Colin-b / httpx_auth

Authentication classes to be used with httpx
MIT License
115 stars 26 forks source link

OAuth2ClientCredentials client id and secret are not taken into account to distinguish tokens #97

Open LeonardHd opened 6 days ago

LeonardHd commented 6 days ago

Hi @Colin-b thanks for this library - it helps people implementing OAuth flows which is great! I think we might have discovered an issue that causes unintended or unexpected token reuse across requests/auth objects.

The good news is we found an option that prevents it with the current version (see Considered options to mitigate the issue) but that might not be reasonable defaults (at least for the OAuth2ClientCredentials) or not very obvious for users.

Let me know what you think and what you think about potential solutions to the problem.

Problem

When using the auth parameter (for example with OAuth2ClientCredentials) to authenticate with a service, the global token cache is shared across all auth objects for the same token urls.
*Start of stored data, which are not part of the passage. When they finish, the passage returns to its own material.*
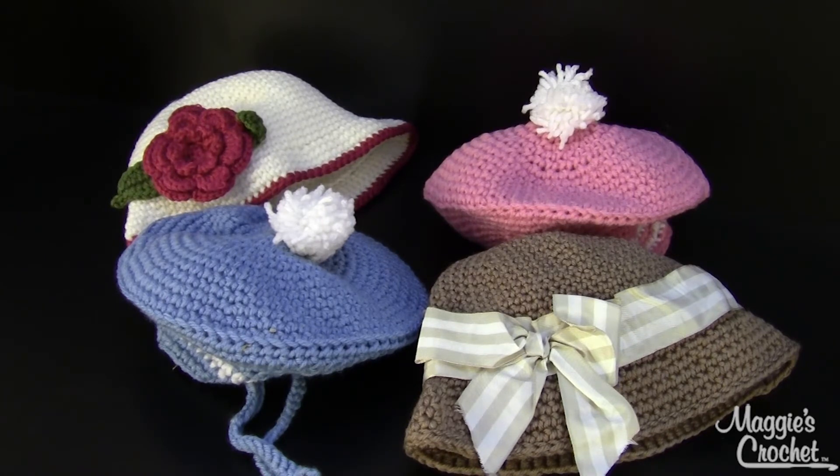Or large size 9 to 12 months which is 18 to 19 inch head. And those were the sizes for the berets. The bonnets run from size small 12 to 24 months which is 18 to 19 inch head, medium 2 to 3 years old fits a 20 to 21 inch head, and large is 4 to 10 years old which fits a 21 to 22 inch head. Changes for different sizes are given in parenthesis.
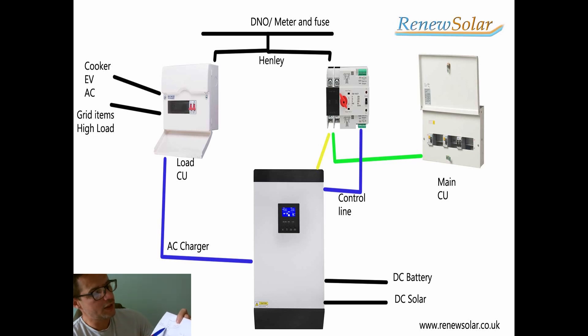Your DNO comes in and then you have your high load. That high load off the DNO switch goes to a separate consumer unit. On that consumer unit with heavy loads, you'll have your inverter charge circuit — AC charge coupling. These are not connected to the grid; it won't feed back to the grid. It's just a charging system to charge your batteries. Your cooker, electric car if you've got one, and your immersion heater can all go on to the heavy load side with that AC charger.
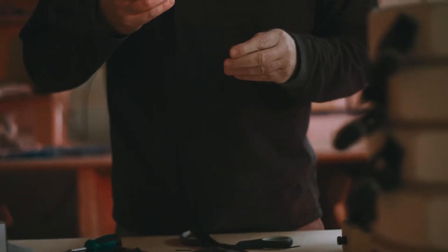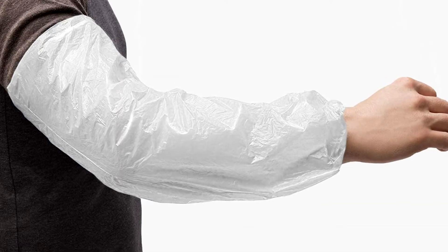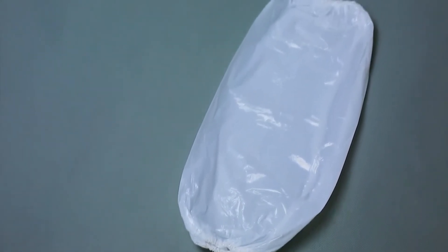What is the best way to cover arms and keep skin flakes and hair from contaminating your product? Let us introduce you to our white disposable sleeves. The fabric is constructed from 100% virgin polyethylene film.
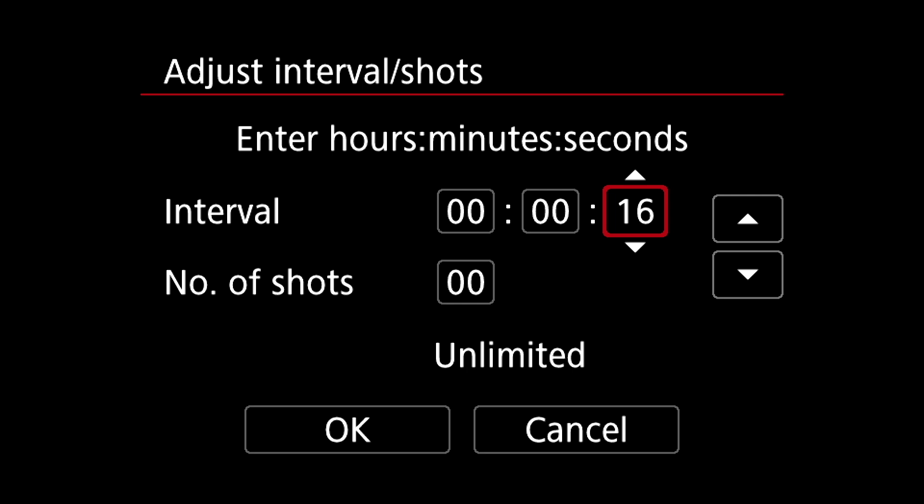And because the 80D has a touch screen interface, you can also tap the settings on the screen to make the adjustments and navigate the menu system.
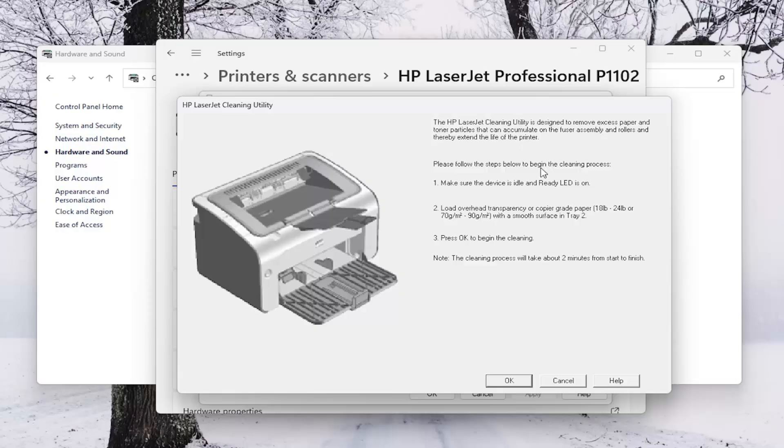Please follow the steps below to begin the cleaning process. Go ahead and make sure the device is turned on, and then just make sure that there is copy paper installed. Then select OK to begin the cleaning process. Again, make sure your printer is turned on.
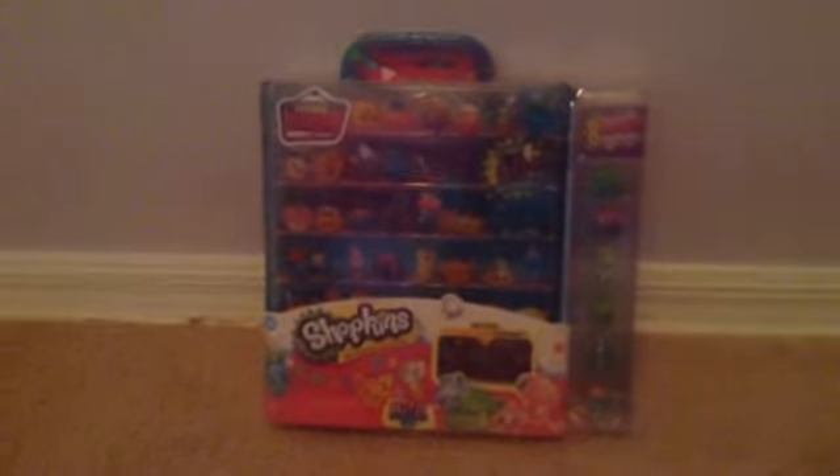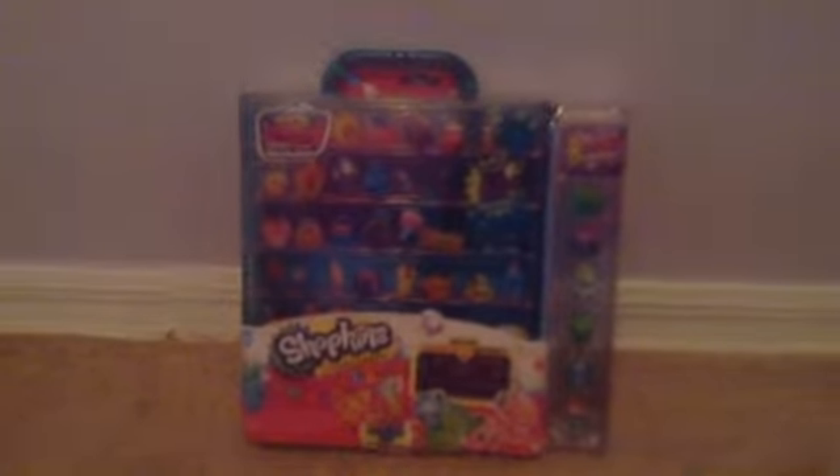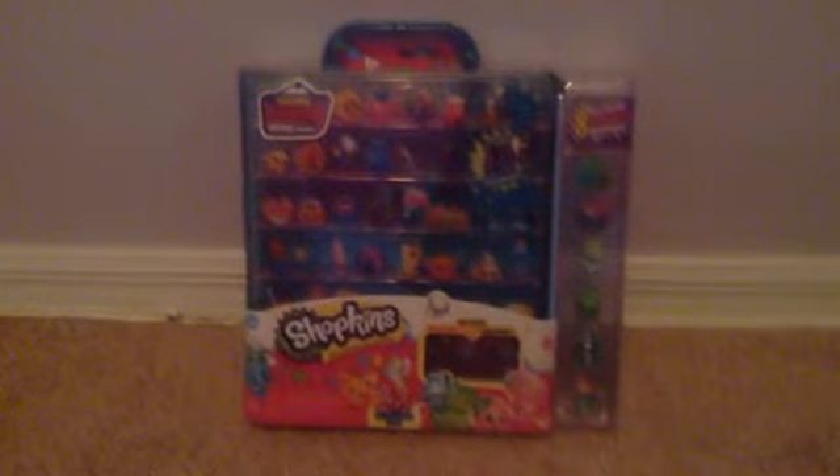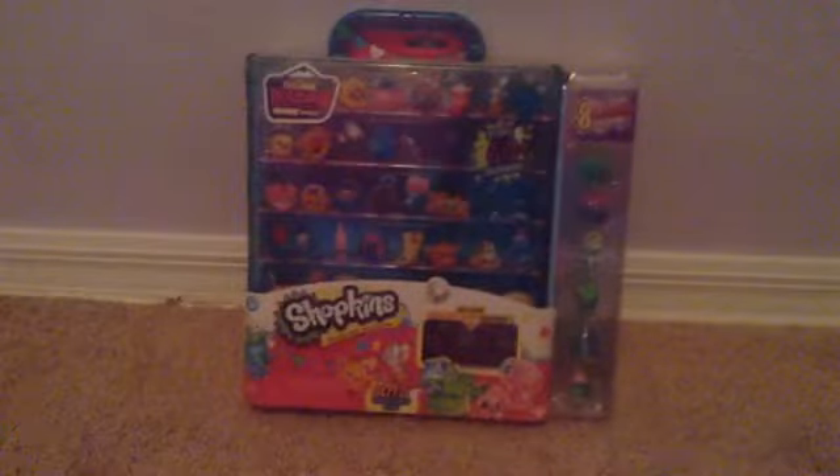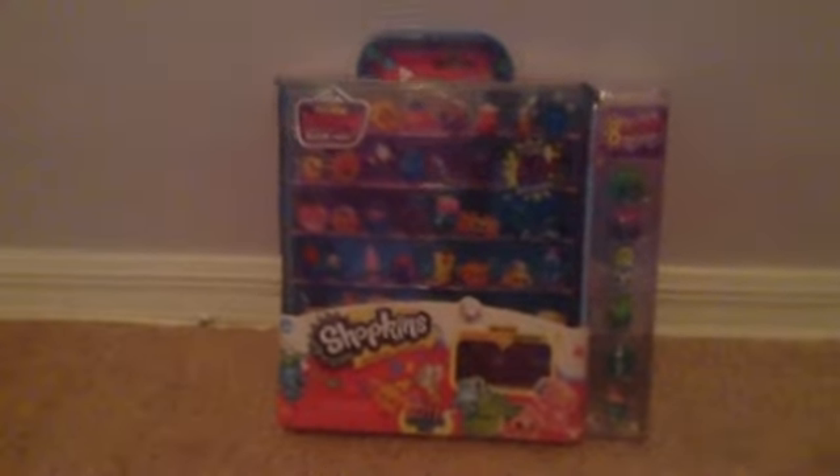Hey guys, it's Mushypawla back here with another video. So this time, for the first time for me at all, I have Season 4. I have the Shopkins Season 4 Collectors Pack.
This can lead to unintended token reuse across different auth objects, for example, when using Microsoft Entra Id (i.e., Azure AD) to authenticate with different services via OAuth2.
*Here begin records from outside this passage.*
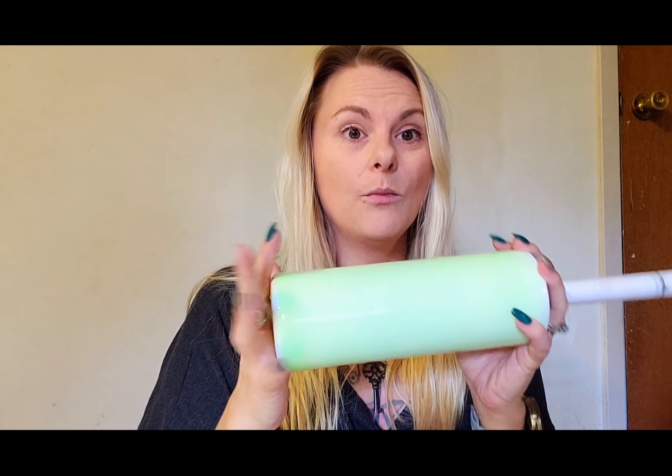We're going to do a glow-in-the-dark Yoda tumbler today. I have already prepped and primed it — I primed it with Rust-Oleum two times, black and white — and then I put a coat of epoxy on it. I also mixed in the Stardust Glow from The Glitter Grind, and that is already on here. We are ready for the decal.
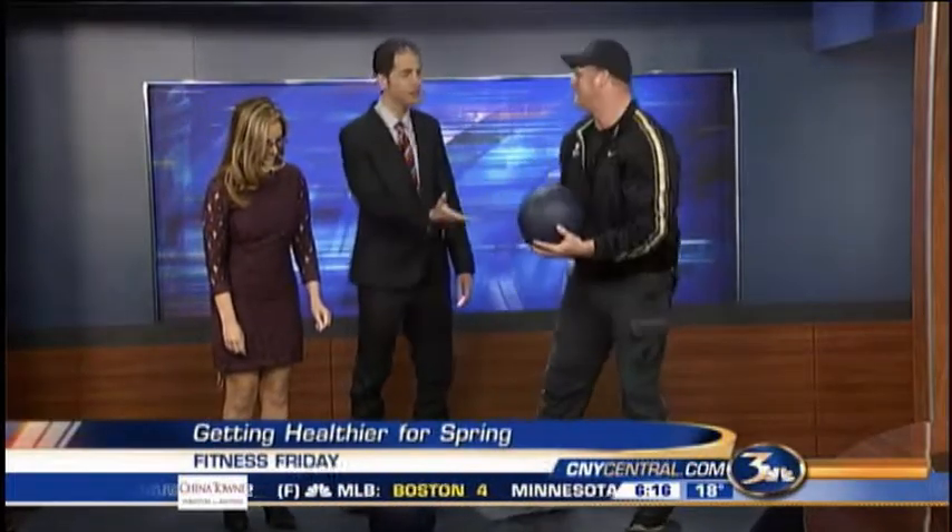We are getting in shape this morning. We're helping people get ready for spring and summer and you're going to be doing ball slams. Wait, this is a kickball, right? It's just 20 pounds. How come I have the same weight as you? You're like huge. Well, it's a 20-pound medicine ball and you can get them all the way up to like 50 pounds.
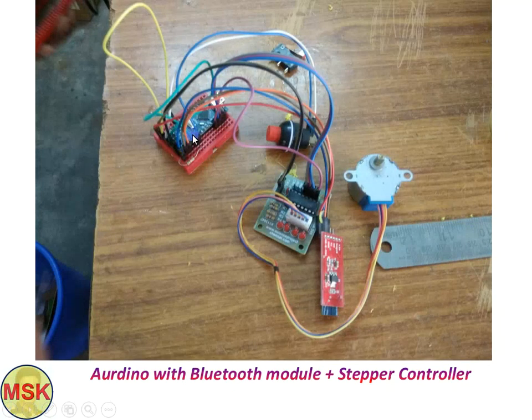This is the Arduino setup — specifically the Arduino Nano board. In place of a regular switch, I used a limit switch. This is the stepper controller board, this is the stepper motor, and this is the Bluetooth module. I developed this project in two ways: by pressing a switch or by pressing a pad on the assembly.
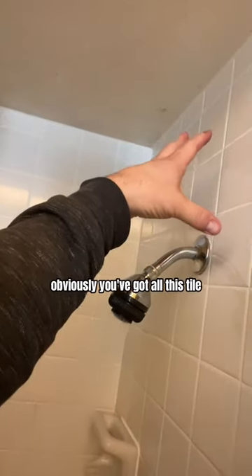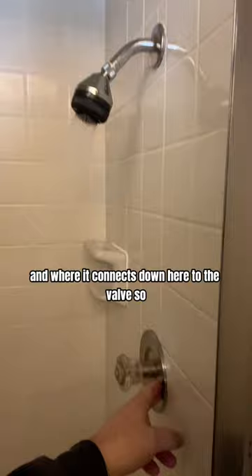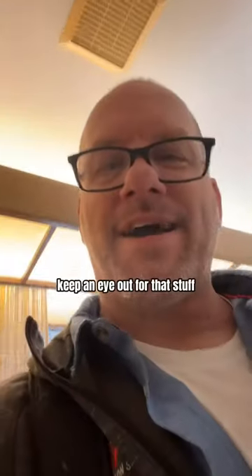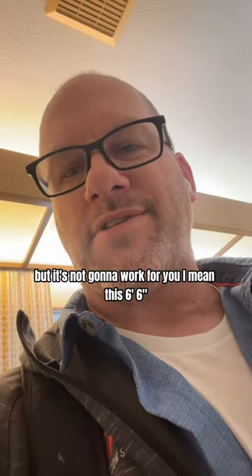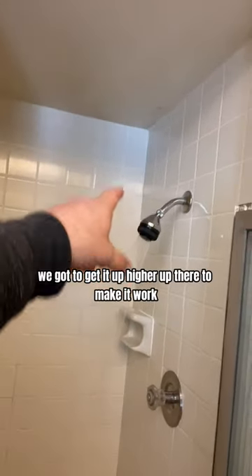To get this up higher, you've got all this tile and everything to deal with, and where it connects down to the valve. Keep an eye out for that. Even though it actually functions, if you're six-foot-six, that's not going to work, and we'd need to get it up higher.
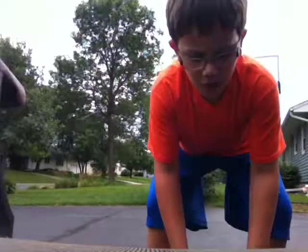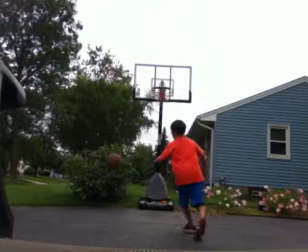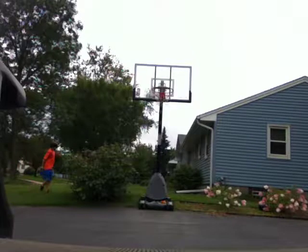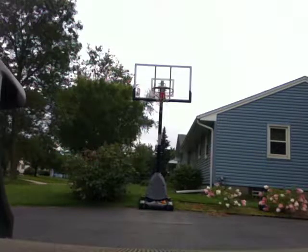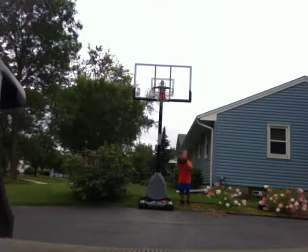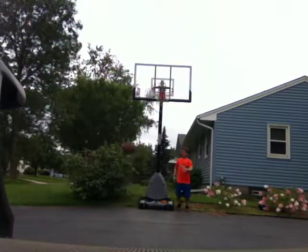Okay, so my last morning warm-up shot that I always do every single day that I'm here is the behind-the-hoop shot on both sides. Okay, I missed it.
This could cause security issues because (not exhaustive):

Above behaviour might not be expected by the user and could lead to security issues.

Sample to reproduce

I have written a few pytest test cases to demonstrate the issue.

# token_reuse_example.py

"""Example of unexpected token reuse in httpx_auth.

How to reproduce:
1. Install the required dependencies:
    $ pip install httpx pytest httpx_auth
2. Create a .env file with the following content:
    # Use a OAUTH protected endpoint or webhook.io to check what Bearer is used.
    OAUTH_PROTECTED_ENDPOINT="https://graph.microsoft.com/v1.0/servicePrincipals/{REPLACE_WITH_OBJECT_ID_OF_ENTERPRISE_APP}" (or any other OAuth2 protected endpoint)
    CLIENT_SECRET="XXXXXXXX"
    CLIENT_ID="XXXXXXXX"
    # Replace with a tenant id
    TOKEN_URL="https://login.microsoftonline.com/XXXXXXXX-XXXX-XXXX-XXXX-XXX#XXXXXXXXX/oauth2/v2.0/token"
    # Optional: Add a second client_id and client_secret to test with multiple clients
    CLIENT_2_ID="<CLIENT_2_ID>"
    CLIENT_2_SECRET="<CLIENT_2_SECRET>"
3. Run the following commands:
    $ source .env && export $(cat .env | xargs)

4. Run the test:
    $ pytest token_reuse_example.py
"""

import os
from hashlib import sha512

import httpx
import pytest
from httpx_auth import OAuth2ClientCredentials
from httpx_auth._errors import InvalidGrantRequest
from httpx_auth._oauth2.common import OAuth2

OAUTH_PROTECTED_EP = os.getenv("OAUTH_PROTECTED_ENDPOINT")
CLIENT_SECRET = os.getenv("CLIENT_SECRET")
CLIENT_ID = os.getenv("CLIENT_ID")
CLIENT_2_ID = os.getenv("CLIENT_2_ID", "<CLIENT_2_ID>")
CLIENT_2_SECRET = os.getenv("CLIENT_2_SECRET", "<CLIENT_2_SECRET>")
TOKEN_URL = os.getenv("TOKEN_URL")

def test_current_behaviour():
    """Test to demonstrate current behaviour.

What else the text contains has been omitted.